/---

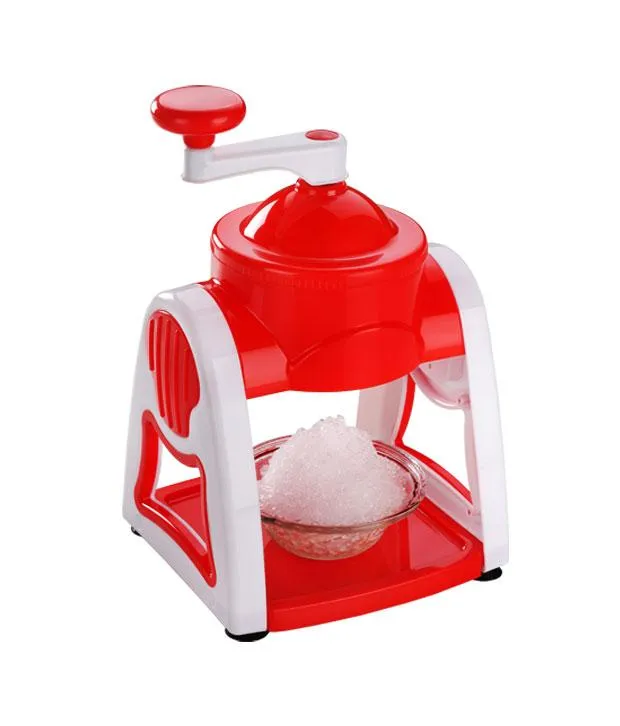 Plastic Ice Gola Maker Slush Maker Set of 8 Manual Gola Maker Slush Maker for Crushed Ice Indian Dessert Bpa Free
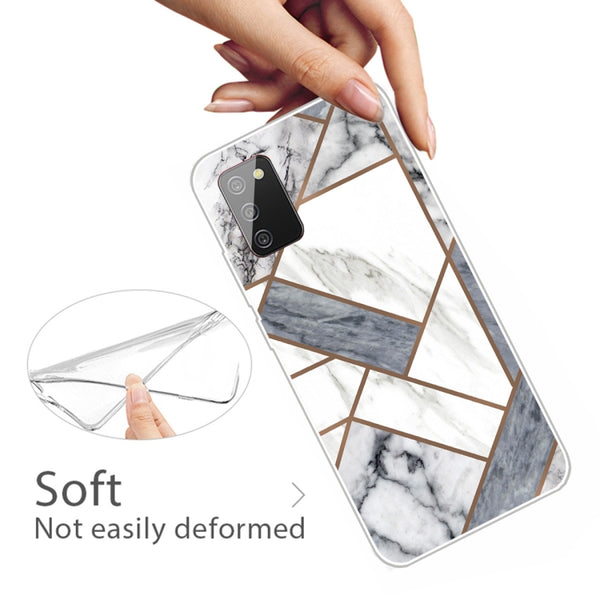 For Samsung Galaxy A02s (EU Version) A Series Marble Pattern TPU Protective Case(HC-A10)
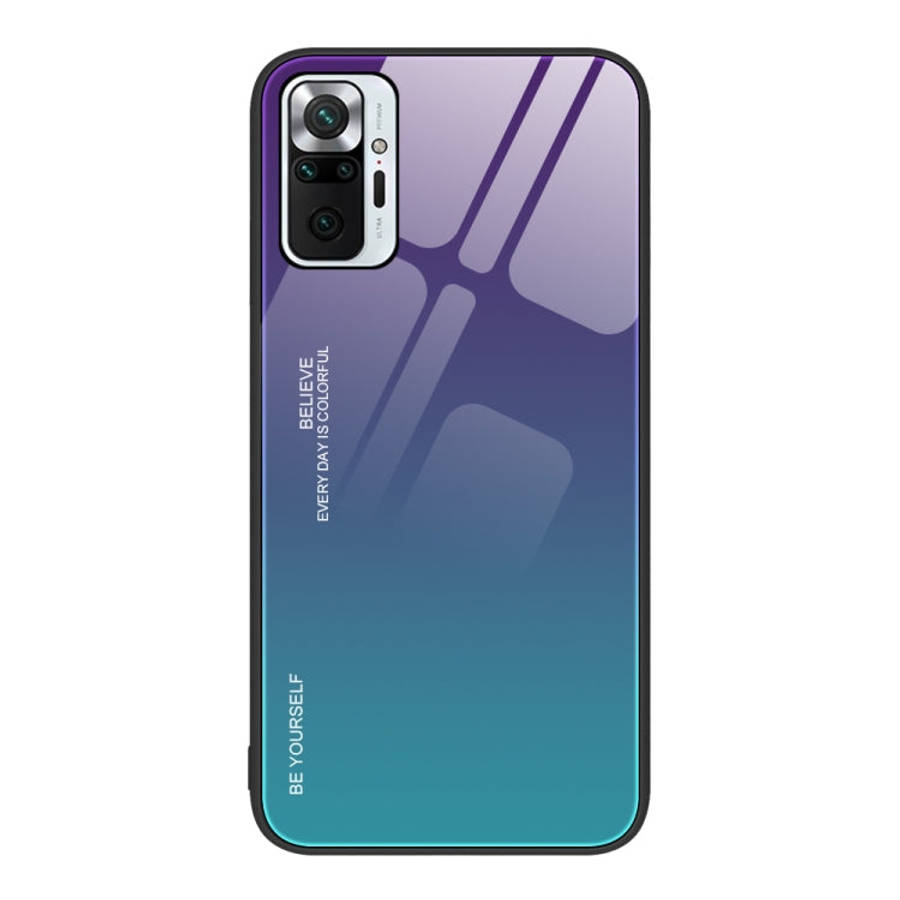 Gradient Color Glass Case, For Xiaomi Redmi 10C, For Xiaomi Redmi Note 11 5G/Poco M4 Pro, For Xia...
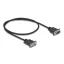 Delock D-Sub9-es, RS-232 soros kábel, anya-apa, 0,5 m (87819)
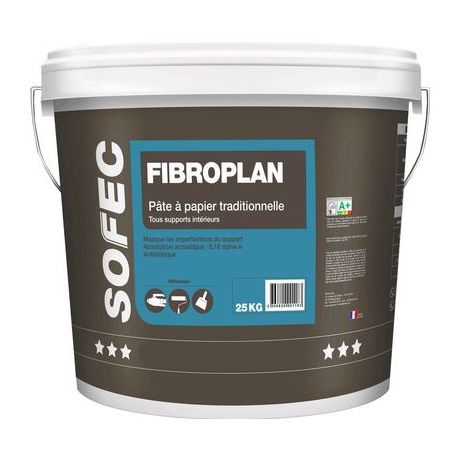 Декоративная штукатурка - FIBROPLAN - Sofec - для отделки / влагопоглощения / для интерьера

\---

Every line of the data above should be repeated exactly. Omit the pictures.

 Plastic Ice Gola Maker Slush Maker Set of 8 Manual Gola Maker Slush Maker for Crushed Ice Indian Dessert Bpa Free
 For Samsung Galaxy A02s (EU Version) A Series Marble Pattern TPU Protective Case(HC-A10)
 Gradient Color Glass Case, For Xiaomi Redmi 10C, For Xiaomi Redmi Note 11 5G/Poco M4 Pro, For Xia...
 Delock D-Sub9-es, RS-232 soros kábel, anya-apa, 0,5 m (87819)
 Декоративная штукатурка - FIBROPLAN - Sofec - для отделки / влагопоглощения / для интерьера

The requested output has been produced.